DATA FOR THIS EXERCISE:
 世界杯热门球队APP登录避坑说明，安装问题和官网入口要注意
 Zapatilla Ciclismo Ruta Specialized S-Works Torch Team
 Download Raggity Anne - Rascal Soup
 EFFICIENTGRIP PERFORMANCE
...
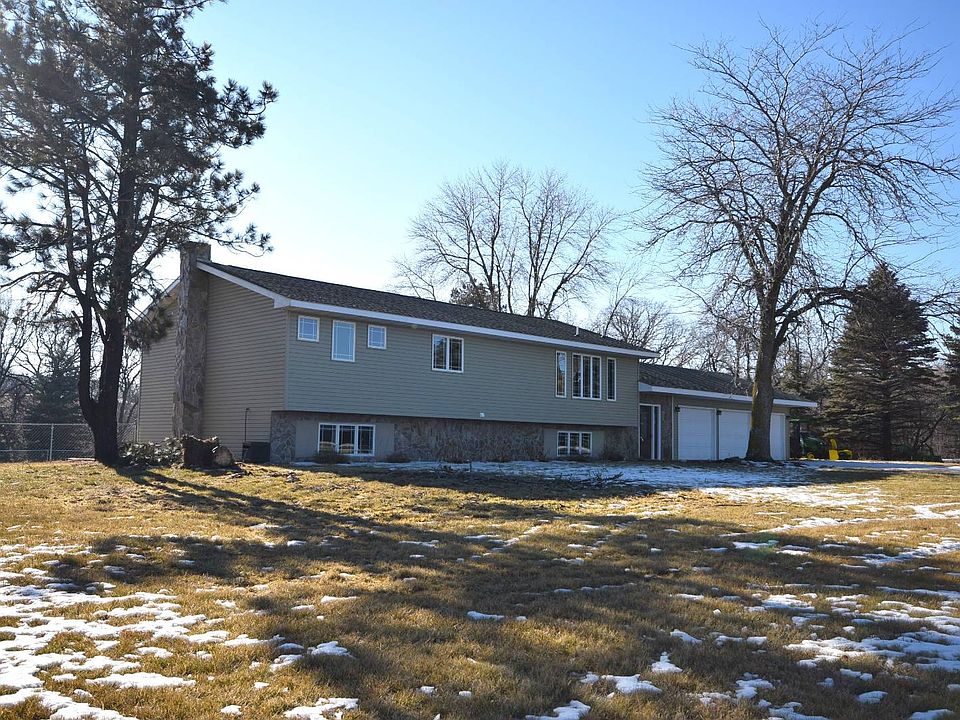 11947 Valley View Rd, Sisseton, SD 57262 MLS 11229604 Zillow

THE PROBLEM: Could you reproduce exactly the lines of the entries above, from the one with "世界杯热门球队APP登录避坑说明，安装问题和官网入口要注意" through the one with "EFFICIENTGRIP PERFORMANCE", and nothing else?

WRITTEN RESPONSE:
 世界杯热门球队APP登录避坑说明，安装问题和官网入口要注意
 Zapatilla Ciclismo Ruta Specialized S-Works Torch Team
 Download Raggity Anne - Rascal Soup
 EFFICIENTGRIP PERFORMANCE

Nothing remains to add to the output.